Once a person has been diagnosed with diabetes, it is largely a matter of taking medications at proper times. But a major problem faced by people suffering today from diabetes today is the lack of access to necessary items like meters, strips and insulin. This can pose a big problem because without insurance, the suffering person cannot afford treatment for diabetes. Every month the treatment costs runs into hundreds of dollars in medication alone. The treatment costs if any are an additional burden. This runs into thousands of dollars each year and a person cannot afford this without insurance.

People with diabetes can avail of insurance with the help of various governmental and non governmental programs depending which describes them best:

- State Health Insurance

Every state has its own insurance plan. The options and plans may vary across each state.
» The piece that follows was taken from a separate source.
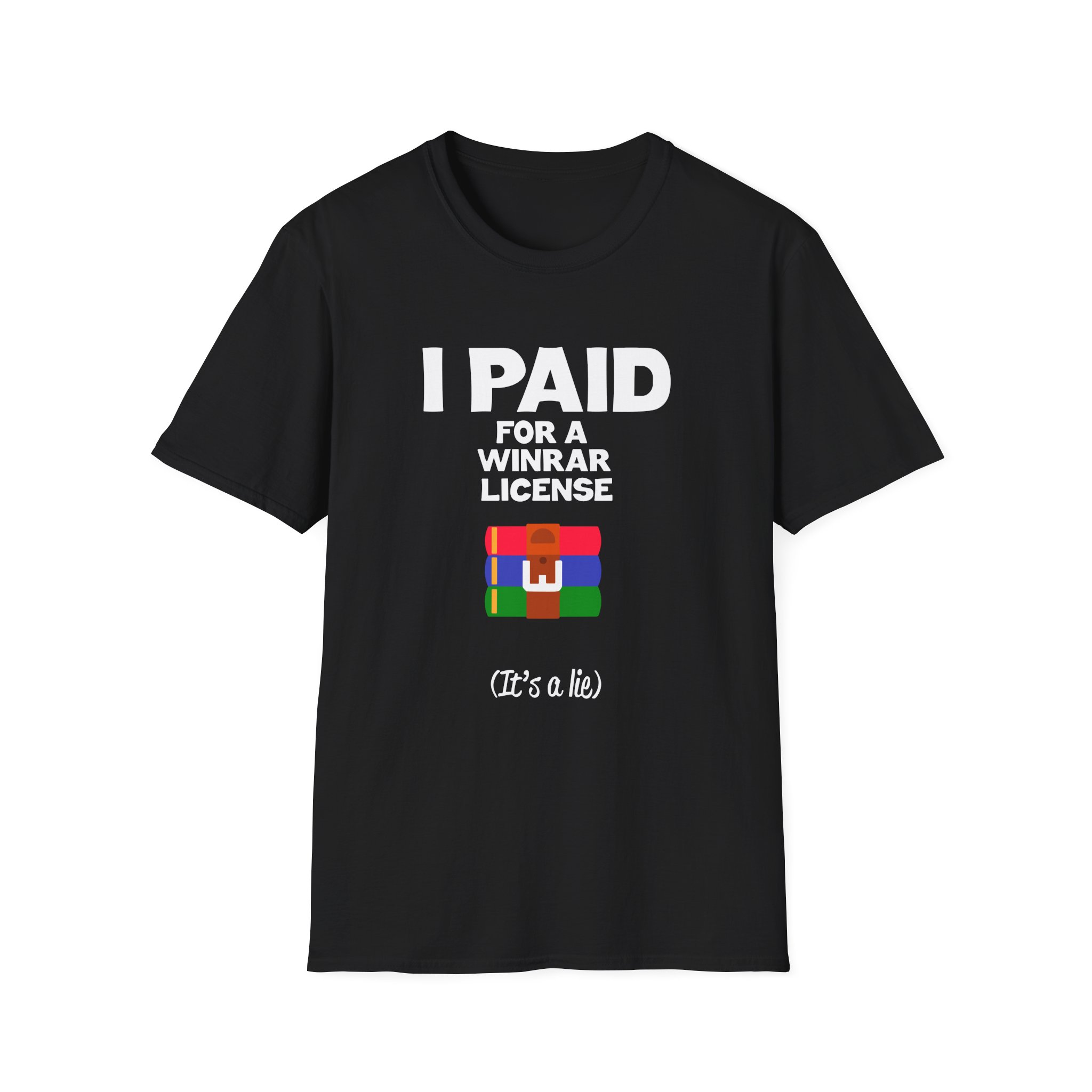 Winrar I Paid for a License Unisex Softstyle T-Shirt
But, in this case, a few laws such as COBRA (Consolidated Omnibus Budget Reconciliation Act) and HIPAA (Health Insurance Portability and Accountability Act) have been developed by the federal government and are available in each state.
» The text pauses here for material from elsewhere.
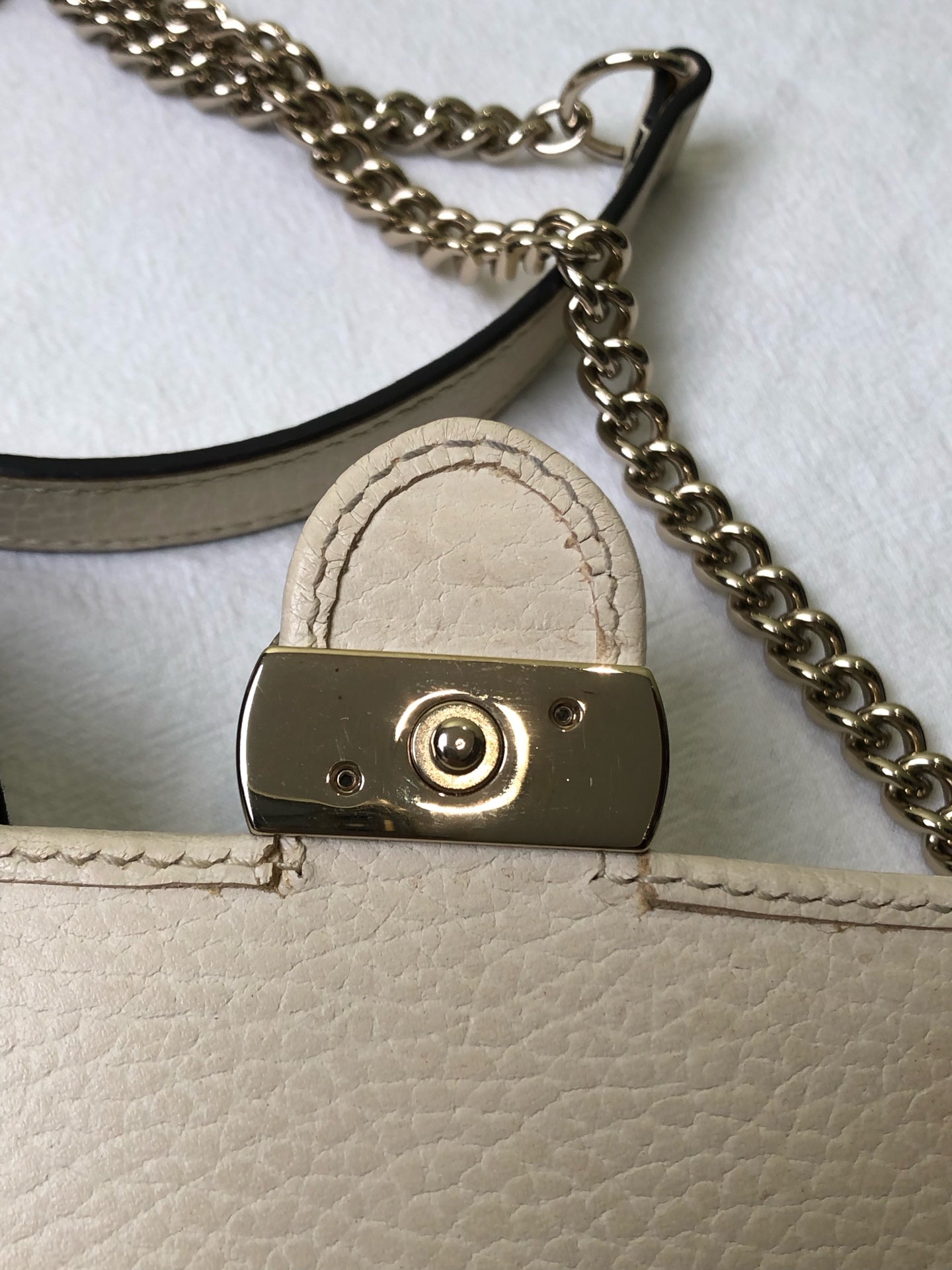 Gucci White Crossbody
COBRA was implemented to protect the interests of the employees who left their company and would be without any insurance coverage for the transition period to another job. It ensures that the person would continue on the ex-employee's insurance plan for a period of 18-36 months after leaving the job.

HIPAA on the other hand is for a certain group of people who have used up their COBRA or any other similar plan and do not have any health insurance. These people are guaranteed an offer of at least two health insurance policies.

- Insurance with people who are 65 and over

-- Medicare - A Government program for people who are over 65 and/or are disabled. People should call their local Social Security office to get more details. It includes coverage for glucose monitors, test strips etc

-- Medicaid - If the income of the patient is low and he is over 65 years of age and/or disabled. A state monitored program, varies from state to state provides services like doctor visits, long term care services like nursing home care etc. A patient should contact his local Medicaid office to get more details.

-- Other services like tax credit available to workers who have lost their jobs, assistance in getting prescriptions and Medigap policies which can be availed from private health insurance companies and provide certain services which may not be covered in Medicare or Medicaid/

- Insurance provided by Employer

-- If you are working under an employer, that employer can also provide health insurance which would mean you don't have to search for health insurance quotes. Usually the persons applicable are under the age of 65. These plans are extremely common since they are extensive and cover almost everything from drug benefits to reduced costs of treatment. Has the maximum number of consumer protections offered by the law. But again, employers provide these benefits on their own discretion and are not compelled by any law to do so.

-- For people not under the group insurance plan, there is the option of individual health insurance policies. But for people with serious ailments like diabetes, this option seldom works. In most states, the insurers chose the people based on their health status, age, gender etc.

There are many different options available for certain cases like veteran/military personnel, children and the unemployed. The main issue with all of these are availability and affordability. There are still countless loopholes that a person can fall into. Mostly people are not fully aware of their options and continue to suffer. In the U.S alone, thousands of people who are not insured are not able to recieve treatment and there are countless cases of lower limb amputations and kidney failures. All this can be prevented if the people, at a young age look at all their options carefully and make sure that they will remain covered under insurance in the event that they get diagnosed with diabetes.